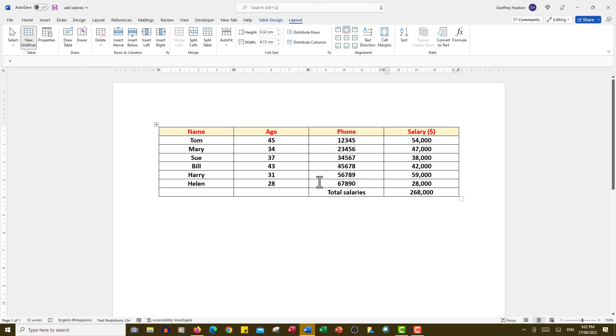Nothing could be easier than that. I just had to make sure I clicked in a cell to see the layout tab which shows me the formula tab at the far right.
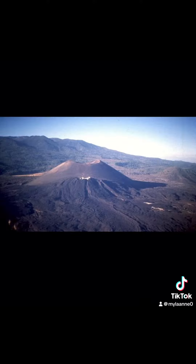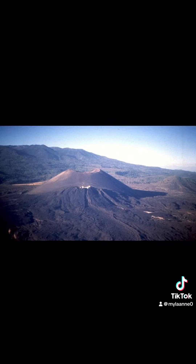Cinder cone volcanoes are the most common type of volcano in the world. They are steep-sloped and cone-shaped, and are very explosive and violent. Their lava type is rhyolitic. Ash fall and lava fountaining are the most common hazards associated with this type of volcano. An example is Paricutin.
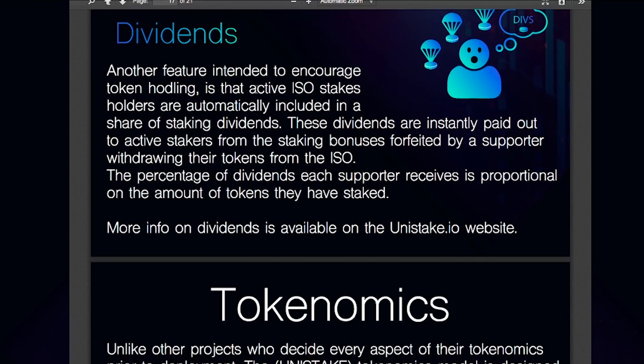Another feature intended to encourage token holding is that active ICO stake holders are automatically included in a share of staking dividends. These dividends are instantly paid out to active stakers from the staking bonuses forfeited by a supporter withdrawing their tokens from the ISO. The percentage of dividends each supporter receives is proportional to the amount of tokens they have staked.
══════
* _PROBLEM DETAILS_:
Please repeat the data verbatim and leave the pictures out of your copy.

* _TASK RESPONSE_:
Nothing could be easier than that. I just had to make sure I clicked in a cell to see the layout tab which shows me the formula tab at the far right.
Cinder cone volcanoes are the most common type of volcano in the world. They are steep-sloped and cone-shaped, and are very explosive and violent. Their lava type is rhyolitic. Ash fall and lava fountaining are the most common hazards associated with this type of volcano. An example is Paricutin.
Another feature intended to encourage token holding is that active ICO stake holders are automatically included in a share of staking dividends. These dividends are instantly paid out to active stakers from the staking bonuses forfeited by a supporter withdrawing their tokens from the ISO. The percentage of dividends each supporter receives is proportional to the amount of tokens they have staked.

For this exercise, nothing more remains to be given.